- **Required work**: Give the data again exactly as it appears, excluding any pictures.

- **Material provided**:
.....

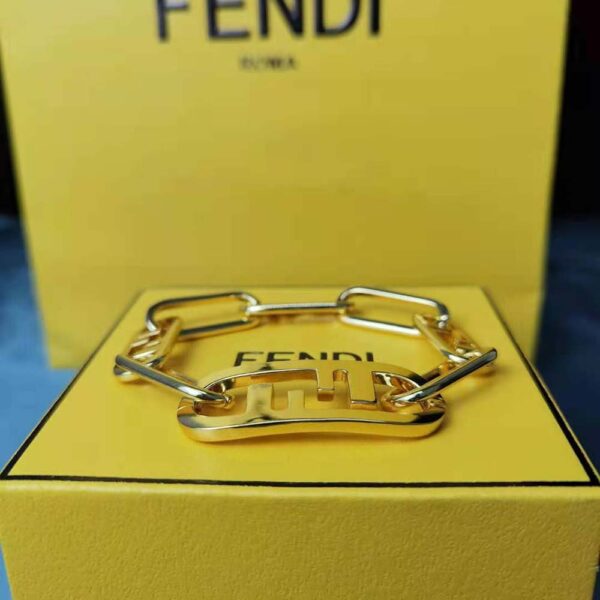 Fendi Women Olock Bracelet Gold-Colored (3)
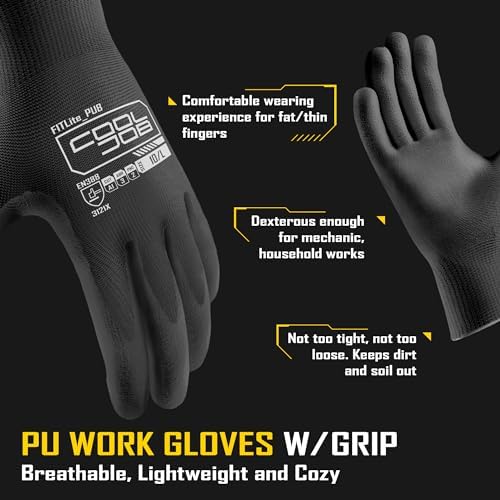 COOLJOB 12/60 Pairs Safety Work Gloves Pack Bulk - Image 2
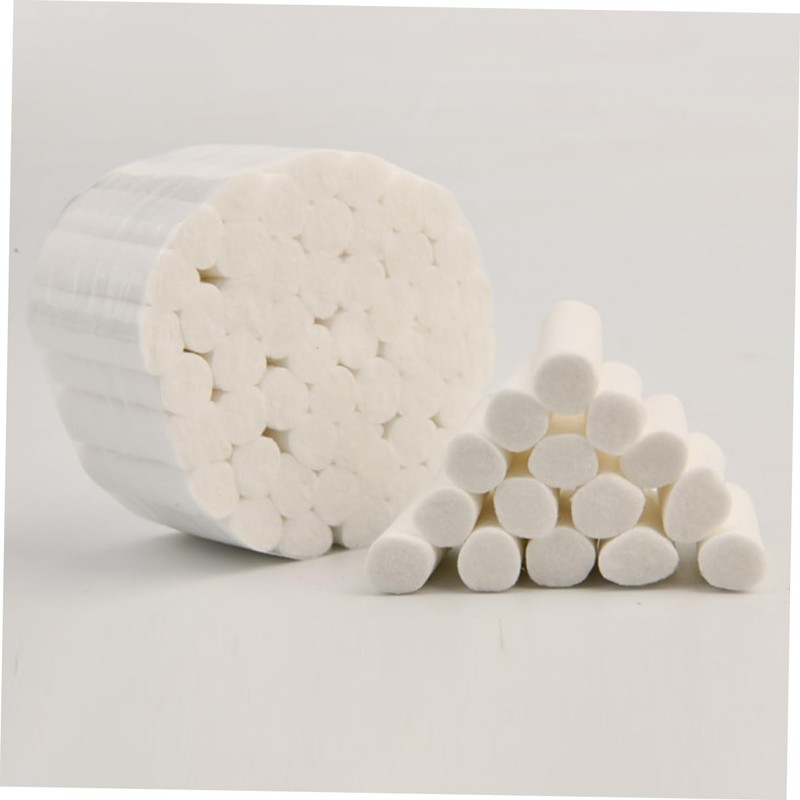 FOMIYES 1 Box Rolled Cotton Nose Plugs for Nose Dentists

.....

- **Response**:
 Fendi Women Olock Bracelet Gold-Colored (3)
 COOLJOB 12/60 Pairs Safety Work Gloves Pack Bulk - Image 2
 FOMIYES 1 Box Rolled Cotton Nose Plugs for Nose Dentists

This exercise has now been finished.